La gente dice que poco a poco su estado anímico fue empeorando; no se notaba, porque en el día se veía bastante tranquilo, pero dicen que en la noche se escuchaban sus quejidos, le reclamaba a su esposa el haberlo dejado. Sin embargo de los niños jamás volvió a mencionar nada, no que alguien de por aquí se enterara. -
-Que historia tan macabra, y yo me quejo de mi vida... pero dime de qué hablaban esa vez que venimos, ¿de qué hablaban?- le pregunté acercándome a su cara para lograr una mayor intimidad.
-Eso sí ya no es de tu incumbencia pequeña- me contestó con un tono cariñoso.
- Armaaando- lo jalé del sueter con tono insistente.
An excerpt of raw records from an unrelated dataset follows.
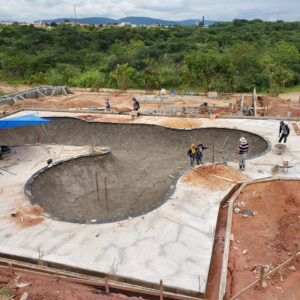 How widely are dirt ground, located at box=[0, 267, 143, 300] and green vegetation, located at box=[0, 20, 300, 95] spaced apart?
28.2m

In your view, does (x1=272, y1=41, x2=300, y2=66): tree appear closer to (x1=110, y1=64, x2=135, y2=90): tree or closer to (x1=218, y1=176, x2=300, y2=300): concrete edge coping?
(x1=110, y1=64, x2=135, y2=90): tree

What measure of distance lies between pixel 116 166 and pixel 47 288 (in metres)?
8.39

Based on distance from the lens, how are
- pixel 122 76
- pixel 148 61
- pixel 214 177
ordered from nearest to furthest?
pixel 214 177, pixel 122 76, pixel 148 61


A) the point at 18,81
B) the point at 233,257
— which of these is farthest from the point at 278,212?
the point at 18,81

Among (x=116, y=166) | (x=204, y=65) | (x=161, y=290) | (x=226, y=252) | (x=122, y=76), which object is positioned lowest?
(x=116, y=166)

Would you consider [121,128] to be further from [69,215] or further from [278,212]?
[278,212]

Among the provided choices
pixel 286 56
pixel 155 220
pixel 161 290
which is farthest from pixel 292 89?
pixel 161 290

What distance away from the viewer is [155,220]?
27.4 feet

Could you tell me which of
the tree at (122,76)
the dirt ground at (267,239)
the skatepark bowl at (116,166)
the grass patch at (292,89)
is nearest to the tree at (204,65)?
the tree at (122,76)

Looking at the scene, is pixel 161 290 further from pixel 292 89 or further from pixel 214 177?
pixel 292 89

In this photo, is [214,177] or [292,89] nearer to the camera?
[214,177]

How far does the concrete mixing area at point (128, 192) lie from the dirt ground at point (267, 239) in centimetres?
63

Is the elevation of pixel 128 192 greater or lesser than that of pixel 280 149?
lesser

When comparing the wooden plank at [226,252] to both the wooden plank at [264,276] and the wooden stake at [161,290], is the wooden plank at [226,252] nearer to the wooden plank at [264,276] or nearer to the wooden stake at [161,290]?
the wooden plank at [264,276] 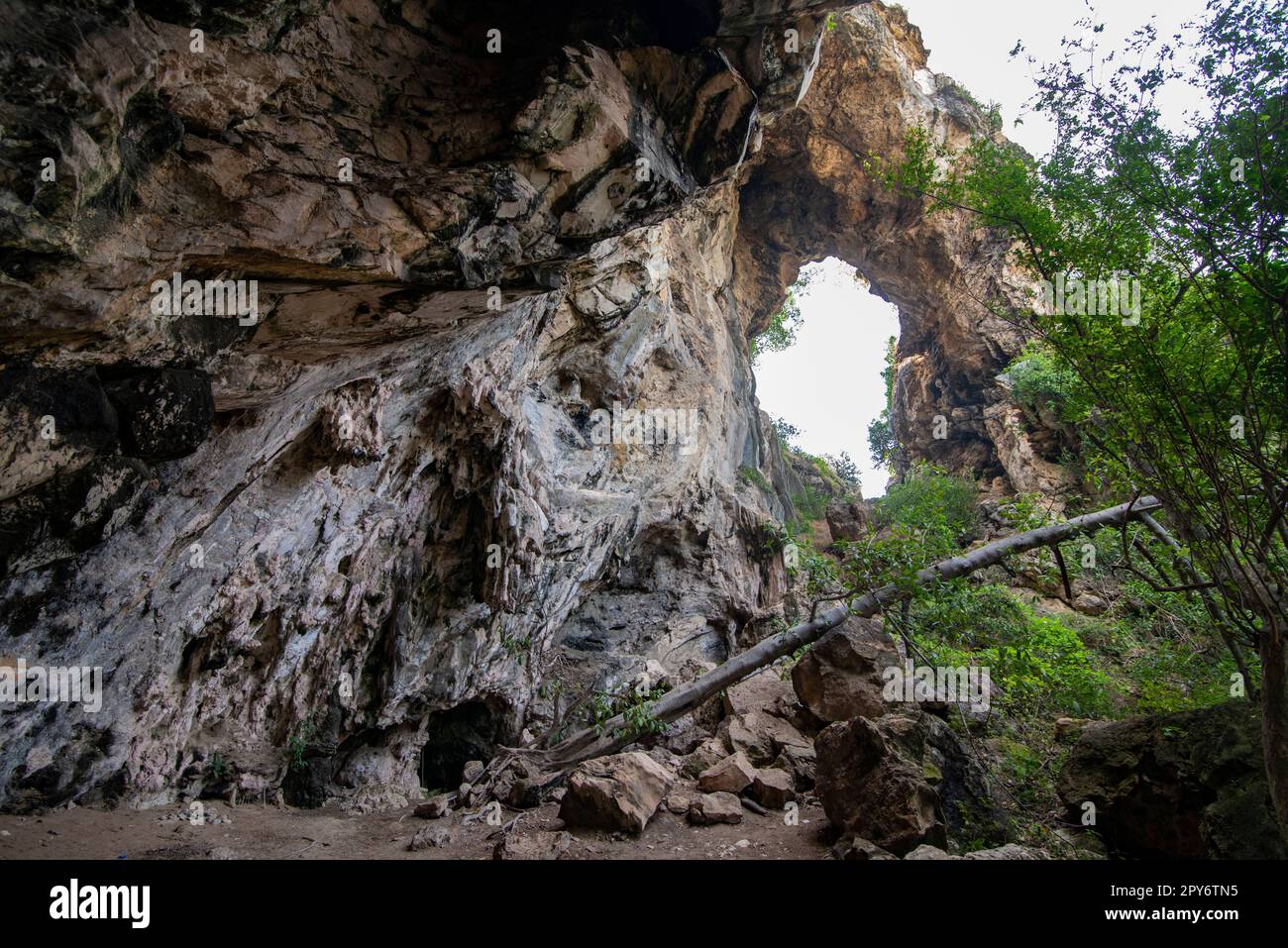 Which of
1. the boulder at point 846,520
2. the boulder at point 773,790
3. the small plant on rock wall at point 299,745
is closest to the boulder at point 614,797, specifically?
the boulder at point 773,790

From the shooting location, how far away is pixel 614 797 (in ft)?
19.8

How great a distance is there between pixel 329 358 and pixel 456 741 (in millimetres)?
6802

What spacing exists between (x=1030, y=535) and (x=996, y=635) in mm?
2047

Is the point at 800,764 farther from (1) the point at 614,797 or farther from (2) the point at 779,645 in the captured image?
(1) the point at 614,797

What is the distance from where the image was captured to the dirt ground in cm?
487

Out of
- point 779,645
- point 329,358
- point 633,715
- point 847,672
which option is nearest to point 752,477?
point 779,645

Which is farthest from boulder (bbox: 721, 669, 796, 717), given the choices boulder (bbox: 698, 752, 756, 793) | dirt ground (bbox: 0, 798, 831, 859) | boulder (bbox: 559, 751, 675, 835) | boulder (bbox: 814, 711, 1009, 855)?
boulder (bbox: 814, 711, 1009, 855)

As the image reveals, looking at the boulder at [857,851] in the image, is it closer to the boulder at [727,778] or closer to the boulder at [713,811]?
the boulder at [713,811]

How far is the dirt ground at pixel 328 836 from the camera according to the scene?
16.0 feet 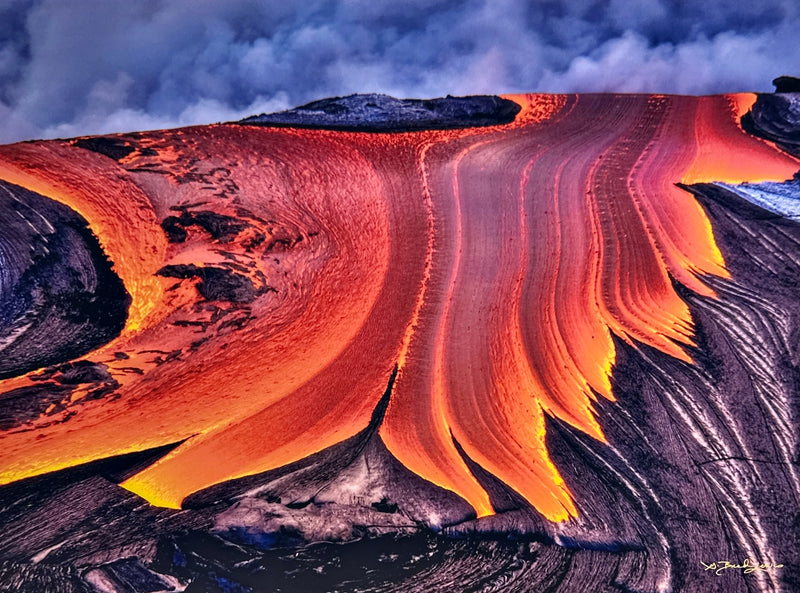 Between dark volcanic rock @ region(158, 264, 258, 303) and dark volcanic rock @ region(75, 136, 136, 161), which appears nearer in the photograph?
dark volcanic rock @ region(158, 264, 258, 303)

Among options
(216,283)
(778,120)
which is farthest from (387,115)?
(778,120)

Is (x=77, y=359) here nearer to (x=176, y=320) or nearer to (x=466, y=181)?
(x=176, y=320)

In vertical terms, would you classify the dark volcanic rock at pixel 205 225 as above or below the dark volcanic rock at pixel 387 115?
below

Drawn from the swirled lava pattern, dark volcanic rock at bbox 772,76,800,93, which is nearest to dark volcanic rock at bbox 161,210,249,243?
the swirled lava pattern

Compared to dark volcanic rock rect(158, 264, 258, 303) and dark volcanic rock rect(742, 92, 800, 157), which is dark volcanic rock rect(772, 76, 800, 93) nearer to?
dark volcanic rock rect(742, 92, 800, 157) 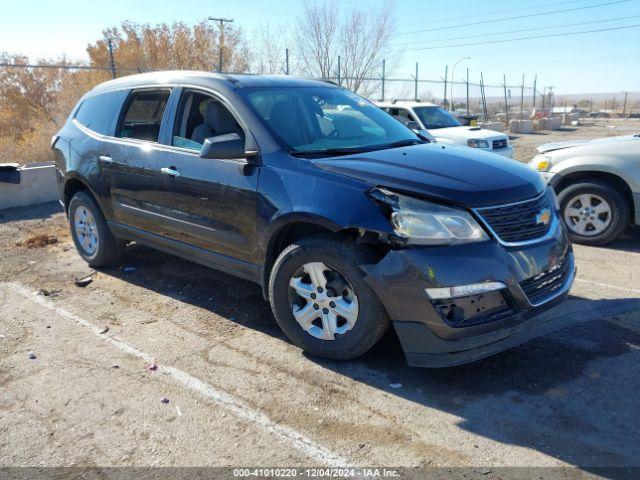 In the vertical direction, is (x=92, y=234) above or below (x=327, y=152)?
below

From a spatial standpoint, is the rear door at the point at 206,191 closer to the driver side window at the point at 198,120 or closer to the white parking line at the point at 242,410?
the driver side window at the point at 198,120

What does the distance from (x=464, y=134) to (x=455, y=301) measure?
8.66m

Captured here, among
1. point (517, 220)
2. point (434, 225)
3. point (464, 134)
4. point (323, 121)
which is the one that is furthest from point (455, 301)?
point (464, 134)

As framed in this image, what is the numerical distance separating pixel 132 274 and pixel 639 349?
15.2 ft

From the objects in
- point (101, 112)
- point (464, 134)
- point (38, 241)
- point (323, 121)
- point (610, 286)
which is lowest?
point (610, 286)

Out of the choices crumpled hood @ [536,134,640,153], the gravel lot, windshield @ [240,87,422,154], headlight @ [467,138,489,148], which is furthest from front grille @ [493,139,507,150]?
windshield @ [240,87,422,154]

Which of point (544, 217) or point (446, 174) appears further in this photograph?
point (544, 217)

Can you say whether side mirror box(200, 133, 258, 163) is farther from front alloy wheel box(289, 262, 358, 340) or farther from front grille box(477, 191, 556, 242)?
front grille box(477, 191, 556, 242)

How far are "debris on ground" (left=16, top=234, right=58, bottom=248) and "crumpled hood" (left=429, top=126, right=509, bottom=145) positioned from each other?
746 cm

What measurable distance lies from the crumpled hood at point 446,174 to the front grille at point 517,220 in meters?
0.05

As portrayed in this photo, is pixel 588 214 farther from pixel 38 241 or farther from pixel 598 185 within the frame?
pixel 38 241

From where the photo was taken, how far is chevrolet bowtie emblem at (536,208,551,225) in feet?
11.6

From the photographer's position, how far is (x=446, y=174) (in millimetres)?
3477

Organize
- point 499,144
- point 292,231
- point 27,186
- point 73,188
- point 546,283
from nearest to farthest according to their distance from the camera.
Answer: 1. point 546,283
2. point 292,231
3. point 73,188
4. point 27,186
5. point 499,144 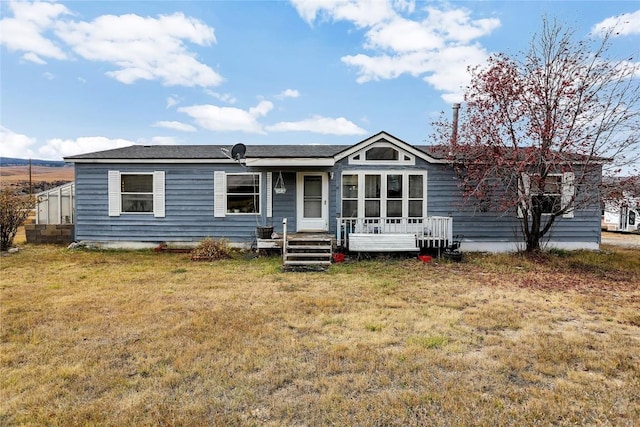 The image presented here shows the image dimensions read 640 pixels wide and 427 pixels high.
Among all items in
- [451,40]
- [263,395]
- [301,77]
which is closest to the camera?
[263,395]

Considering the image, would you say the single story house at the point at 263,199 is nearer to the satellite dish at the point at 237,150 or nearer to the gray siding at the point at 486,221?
the gray siding at the point at 486,221

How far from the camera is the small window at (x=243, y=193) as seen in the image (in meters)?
11.1

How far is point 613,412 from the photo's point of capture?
2715 millimetres

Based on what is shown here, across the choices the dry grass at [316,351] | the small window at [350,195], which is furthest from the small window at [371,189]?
the dry grass at [316,351]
-mmm, bueno, quizá te lo diga, pero eso ya será en mi casa, aquí hay demasiados oídos-
Yo sonreí coquetamente para mantenerlo persuadido. Pagó la cuenta y salimos de la heladería. Caminamos unas cuantas calles y llegamos a su casa. Sentí la calidez de un hogar, una calidez que no se sentía en el hospital... (donde sólo hay sábanas frías y una soledad que lo envuelve todo). Encendió la chimenea y pronto el calor comenzó a llenar mi cuerpo. Me senté en la alfombra empolvada frente al fuego y con un gesto lo invité a sentarse también a mi lado. Lo miré impacientemente, esperando que me contara lo que había platicado con Joel, pero él tenía otra cosa en mente. Sentí sus dedos deslizándose en mi cuello, y comprendí lo que deseaba; así que una vez más, en ese baile incesante, desnudamos nuestros cuerpos al calor del fuego ardiente y le entregamos sus ofrendas a Venus, que tanto había esperado ya.